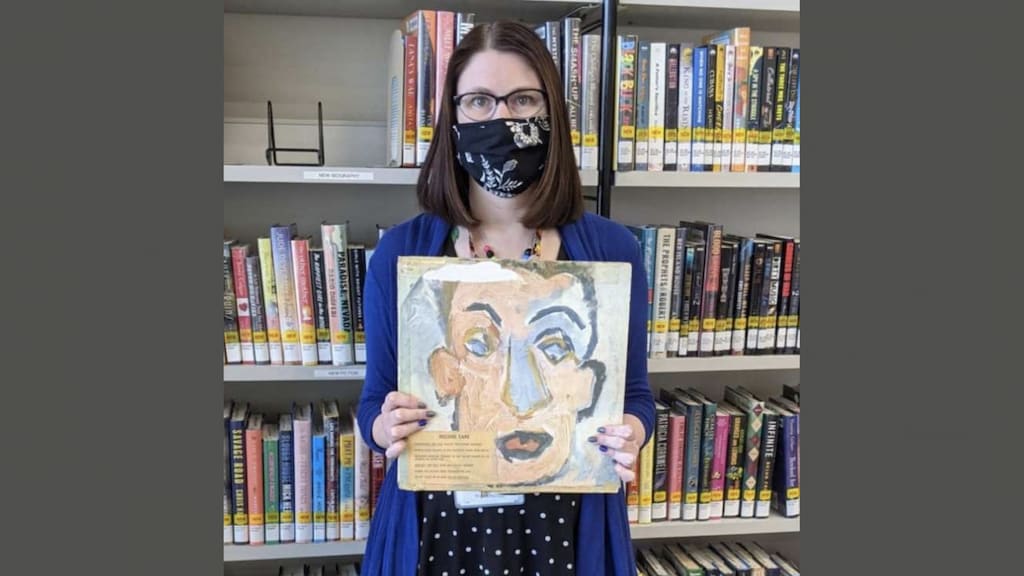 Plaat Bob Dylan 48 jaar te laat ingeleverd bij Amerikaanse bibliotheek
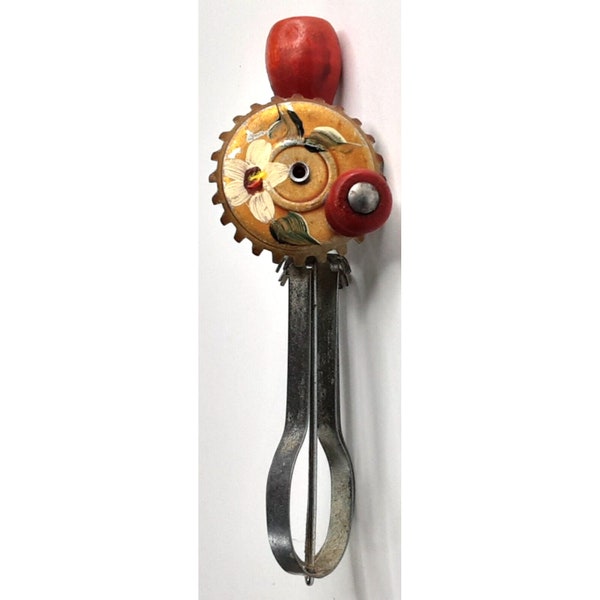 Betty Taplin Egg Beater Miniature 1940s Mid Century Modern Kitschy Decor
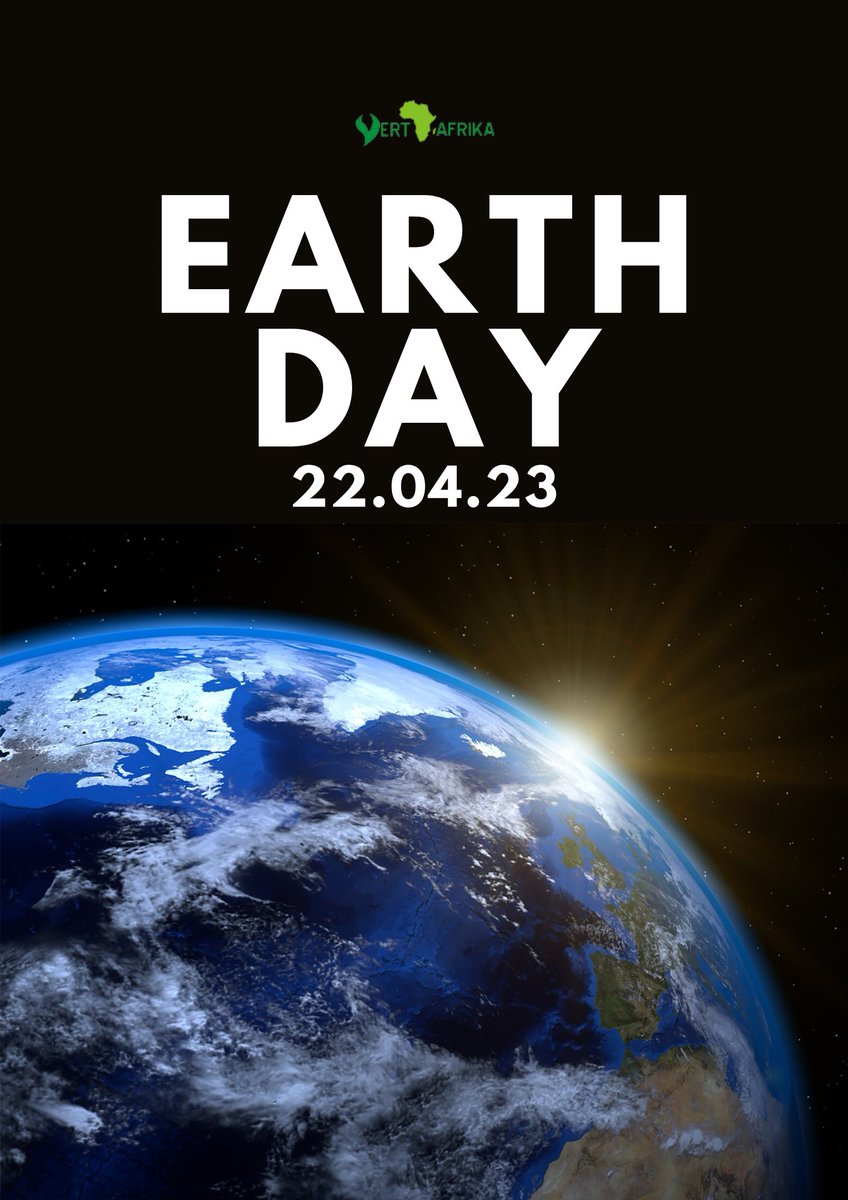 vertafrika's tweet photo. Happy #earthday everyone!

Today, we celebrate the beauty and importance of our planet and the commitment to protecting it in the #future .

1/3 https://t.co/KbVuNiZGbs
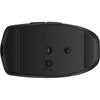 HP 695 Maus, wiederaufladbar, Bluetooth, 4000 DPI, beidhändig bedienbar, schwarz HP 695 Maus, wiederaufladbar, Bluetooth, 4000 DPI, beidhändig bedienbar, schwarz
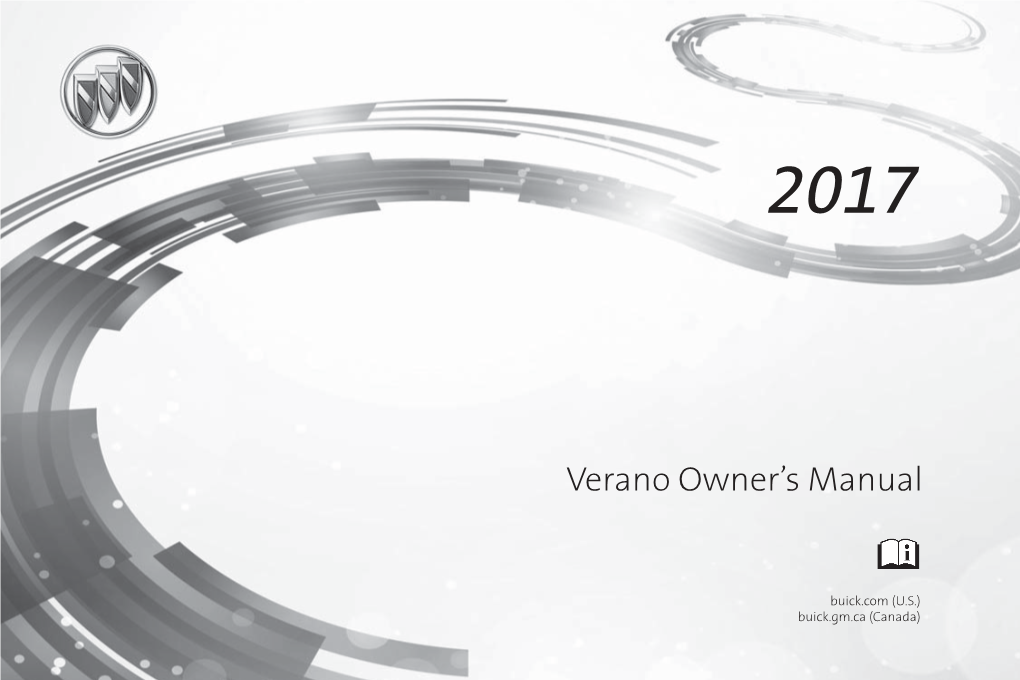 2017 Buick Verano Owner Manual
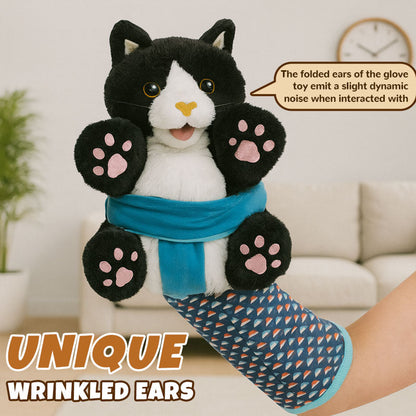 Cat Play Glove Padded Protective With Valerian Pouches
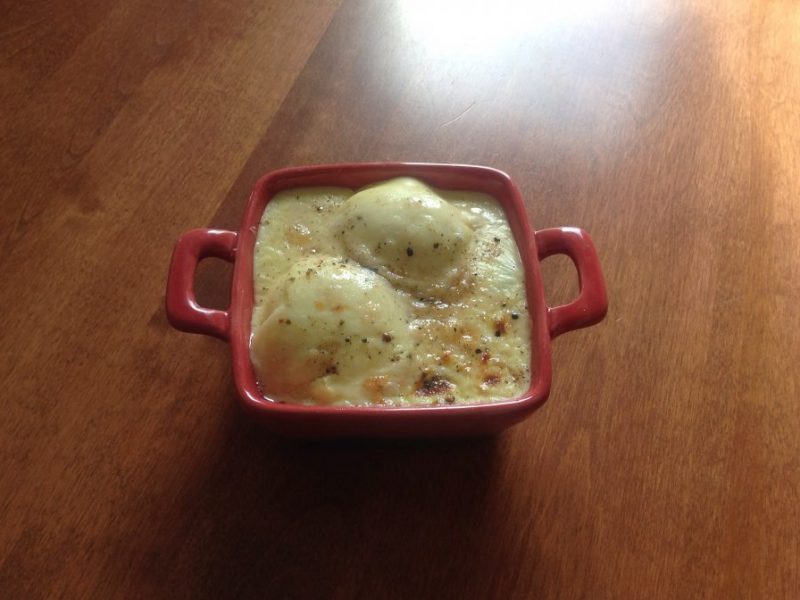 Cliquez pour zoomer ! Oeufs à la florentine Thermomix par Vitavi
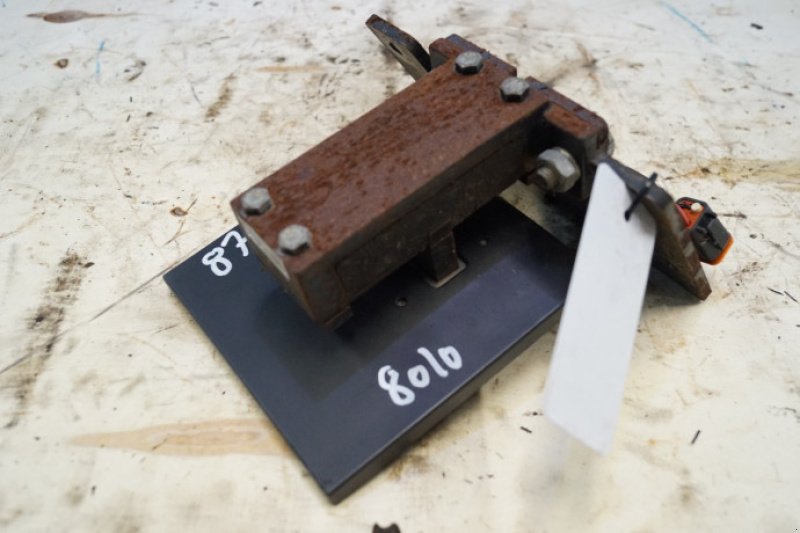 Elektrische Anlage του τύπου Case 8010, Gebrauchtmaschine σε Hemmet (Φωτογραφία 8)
· · · · ·
**What to work on:**
Output, exactly and only, the lines beginning with the one that contains "vertafrika's tweet photo." and ending at the last line of the records above. Drop the pictures.

**Exercise result:**
 vertafrika's tweet photo. Happy #earthday everyone!

Today, we celebrate the beauty and importance of our planet and the commitment to protecting it in the #future .

1/3 https://t.co/KbVuNiZGbs
 HP 695 Maus, wiederaufladbar, Bluetooth, 4000 DPI, beidhändig bedienbar, schwarz HP 695 Maus, wiederaufladbar, Bluetooth, 4000 DPI, beidhändig bedienbar, schwarz
 2017 Buick Verano Owner Manual
 Cat Play Glove Padded Protective With Valerian Pouches
 Cliquez pour zoomer ! Oeufs à la florentine Thermomix par Vitavi
 Elektrische Anlage του τύπου Case 8010, Gebrauchtmaschine σε Hemmet (Φωτογραφία 8)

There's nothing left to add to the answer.